» INFORMATION SHOWN:
┄┄┄┄┄┄┄┄┄┄

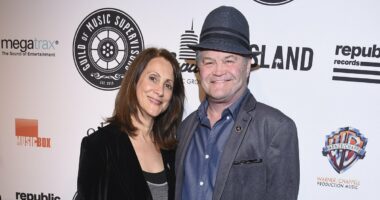 Suspect in brutal slaying of American Idol boss and her husband deemed unfit for trial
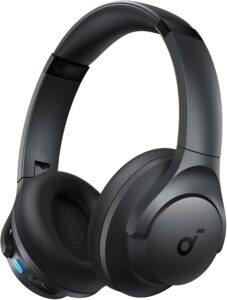 Anker Soundcore Q11i Kulaklık Siyah
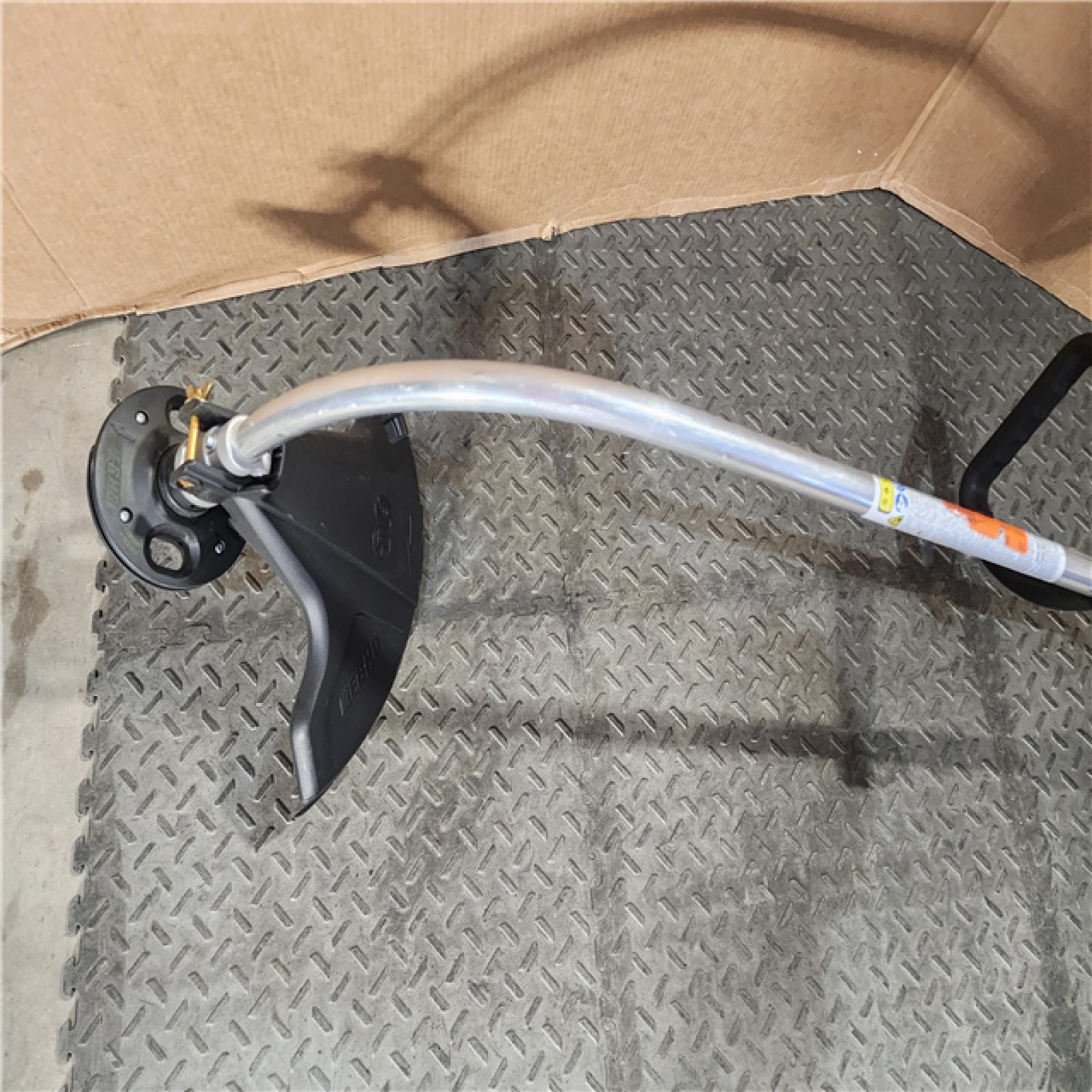 HOUSTON LOCATION - AS-IS Echo GT-225 21.2cc 2 Stroke Lightweight Durable Gas Curved Shaft String Trimmer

┄┄┄┄┄┄┄┄┄┄

» ACTIVITY:
Only the pictures stay behind; everything else in the data above is to be retyped exactly.

» RESULT:
 Suspect in brutal slaying of American Idol boss and her husband deemed unfit for trial
 Anker Soundcore Q11i Kulaklık Siyah
 HOUSTON LOCATION - AS-IS Echo GT-225 21.2cc 2 Stroke Lightweight Durable Gas Curved Shaft String Trimmer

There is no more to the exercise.